The prospect of the state of New York becoming involved in an investigation of Trump administration figures is likely to excite some, infuriate others, and dismay the majority who do not want to see further escalation of the political conflicts in Washington. Based on current reports that have only minimal information unconfirmed by New York authorities, it is unclear what they have done so far and intend to do, and it is also unclear what the view of the Special Counsel on the issue might be. Regardless of what has happened so far, the possibility exists under existing legal authorities, and all sides should take it into consideration. It would be an assertion of state power in a national issue that would have been unthinkable only six months ago, but the scale of New York’s assertion of state power in national financial crime issues would have been unthinkable only six years ago, so the possibility of yet another previously unthinkable development should not be ignored.

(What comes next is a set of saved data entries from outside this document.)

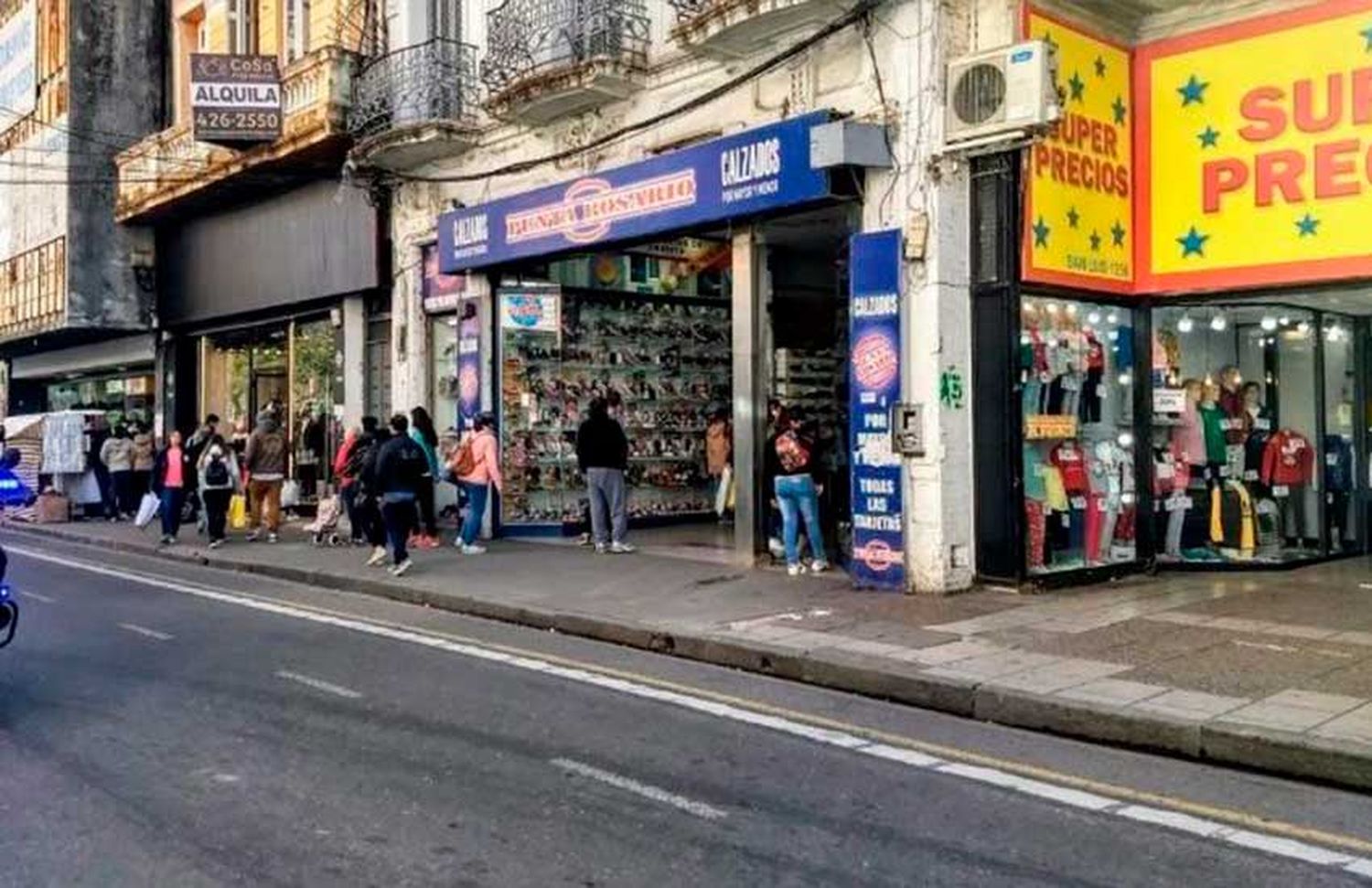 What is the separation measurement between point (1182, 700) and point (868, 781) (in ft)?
7.25

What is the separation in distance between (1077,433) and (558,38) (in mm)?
7529

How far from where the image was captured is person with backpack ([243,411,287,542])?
16.9m

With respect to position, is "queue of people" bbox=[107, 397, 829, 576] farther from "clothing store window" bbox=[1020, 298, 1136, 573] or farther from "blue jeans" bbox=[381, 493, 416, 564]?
"clothing store window" bbox=[1020, 298, 1136, 573]

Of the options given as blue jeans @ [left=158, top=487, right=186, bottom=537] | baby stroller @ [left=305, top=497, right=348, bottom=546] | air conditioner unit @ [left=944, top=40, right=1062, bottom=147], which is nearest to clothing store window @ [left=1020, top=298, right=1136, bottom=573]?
air conditioner unit @ [left=944, top=40, right=1062, bottom=147]

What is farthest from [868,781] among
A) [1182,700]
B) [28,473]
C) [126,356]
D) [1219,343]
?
[126,356]

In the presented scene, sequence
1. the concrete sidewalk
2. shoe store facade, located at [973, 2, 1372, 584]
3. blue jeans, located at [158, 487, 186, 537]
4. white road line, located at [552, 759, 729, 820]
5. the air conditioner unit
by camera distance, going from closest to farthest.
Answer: white road line, located at [552, 759, 729, 820] < the concrete sidewalk < the air conditioner unit < shoe store facade, located at [973, 2, 1372, 584] < blue jeans, located at [158, 487, 186, 537]

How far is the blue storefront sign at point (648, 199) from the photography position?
39.3 ft

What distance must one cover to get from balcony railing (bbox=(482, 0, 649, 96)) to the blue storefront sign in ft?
4.22

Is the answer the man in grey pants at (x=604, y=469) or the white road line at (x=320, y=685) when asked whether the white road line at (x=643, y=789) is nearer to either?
the white road line at (x=320, y=685)

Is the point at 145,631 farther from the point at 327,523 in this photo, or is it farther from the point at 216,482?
the point at 216,482

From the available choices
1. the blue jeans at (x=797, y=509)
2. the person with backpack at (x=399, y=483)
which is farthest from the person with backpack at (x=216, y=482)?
the blue jeans at (x=797, y=509)

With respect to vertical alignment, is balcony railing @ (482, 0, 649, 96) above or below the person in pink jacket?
above

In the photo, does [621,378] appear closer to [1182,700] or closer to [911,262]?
[911,262]

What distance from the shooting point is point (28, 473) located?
22.8m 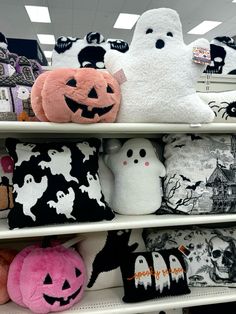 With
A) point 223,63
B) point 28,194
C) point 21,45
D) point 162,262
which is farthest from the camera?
point 223,63

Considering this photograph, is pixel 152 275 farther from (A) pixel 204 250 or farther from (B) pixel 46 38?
(B) pixel 46 38

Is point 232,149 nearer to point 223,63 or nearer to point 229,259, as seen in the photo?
point 229,259

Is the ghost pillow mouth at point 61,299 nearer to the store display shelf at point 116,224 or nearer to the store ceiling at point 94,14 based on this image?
the store display shelf at point 116,224

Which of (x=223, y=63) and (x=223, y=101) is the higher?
(x=223, y=63)

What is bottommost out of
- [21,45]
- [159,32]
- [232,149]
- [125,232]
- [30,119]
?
[125,232]

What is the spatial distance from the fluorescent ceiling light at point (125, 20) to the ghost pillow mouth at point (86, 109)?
3.83 meters

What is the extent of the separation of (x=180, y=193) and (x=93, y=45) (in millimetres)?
848

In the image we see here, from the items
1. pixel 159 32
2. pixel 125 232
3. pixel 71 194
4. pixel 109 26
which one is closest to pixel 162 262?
pixel 125 232

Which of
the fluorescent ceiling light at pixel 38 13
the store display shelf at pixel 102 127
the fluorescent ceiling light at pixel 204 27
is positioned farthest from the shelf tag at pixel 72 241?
the fluorescent ceiling light at pixel 204 27

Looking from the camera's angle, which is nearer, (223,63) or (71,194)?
(71,194)

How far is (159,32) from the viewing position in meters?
1.00

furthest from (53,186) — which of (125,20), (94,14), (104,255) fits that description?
(125,20)

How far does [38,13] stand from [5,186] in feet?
13.3

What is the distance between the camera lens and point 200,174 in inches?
42.8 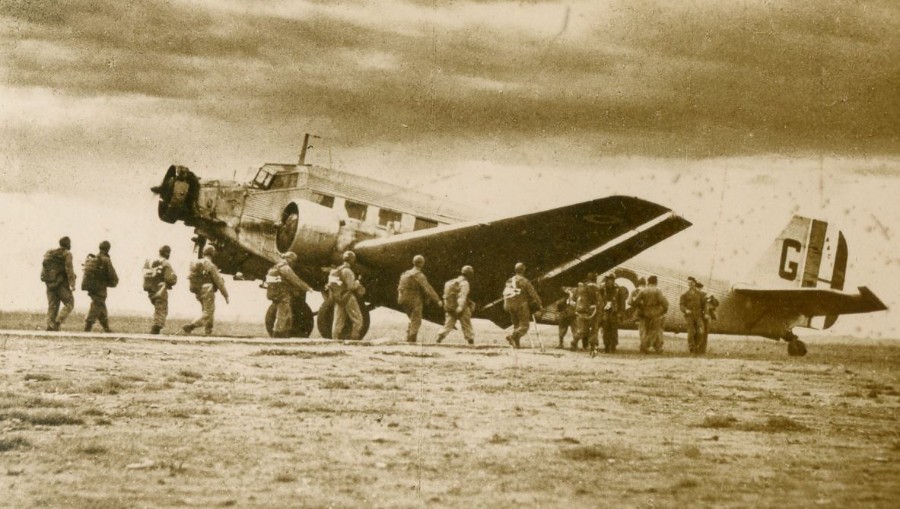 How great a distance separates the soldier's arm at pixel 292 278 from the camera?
8891 millimetres

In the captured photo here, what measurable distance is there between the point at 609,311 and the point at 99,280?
542 centimetres

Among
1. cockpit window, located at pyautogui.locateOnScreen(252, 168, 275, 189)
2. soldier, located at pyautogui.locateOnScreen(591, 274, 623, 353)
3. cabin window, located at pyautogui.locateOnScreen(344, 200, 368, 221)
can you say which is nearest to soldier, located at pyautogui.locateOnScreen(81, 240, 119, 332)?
cockpit window, located at pyautogui.locateOnScreen(252, 168, 275, 189)

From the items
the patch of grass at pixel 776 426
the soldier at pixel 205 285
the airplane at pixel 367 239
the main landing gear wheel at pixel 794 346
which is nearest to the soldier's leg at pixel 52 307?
the soldier at pixel 205 285

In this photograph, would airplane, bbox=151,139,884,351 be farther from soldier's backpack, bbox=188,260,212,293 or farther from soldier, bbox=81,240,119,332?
soldier, bbox=81,240,119,332

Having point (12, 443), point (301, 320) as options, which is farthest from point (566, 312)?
point (12, 443)

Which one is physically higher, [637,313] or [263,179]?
[263,179]

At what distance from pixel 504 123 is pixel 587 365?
2401 mm

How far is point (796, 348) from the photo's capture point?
9688 mm

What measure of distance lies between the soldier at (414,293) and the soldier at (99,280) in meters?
2.94

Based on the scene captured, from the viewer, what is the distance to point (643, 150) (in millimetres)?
6562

(Note: This article has not mentioned the 2015 FinCEN enforcement action that penalized Trump Taj Mahal Casino $10 million for anti-money laundering violations because it is likely to be irrelevant to any allegations of criminal money laundering in real estate transactions. Recent media coverage has connected the Trump Taj Mahal Casino enforcement action to the Special Counsel investigation, but the FinCEN enforcement action was for violations of anti-money laundering program regulations under the BSA by Trump Taj Mahal Casino, not any alleged criminal money laundering by the casino or any Trump-affiliated person or entity. Some coverage, uninformed about the differences between similarly named but separate legal issues, has incorrectly equated failures to comply with anti-money laundering program regulations to the criminal offense of money laundering.)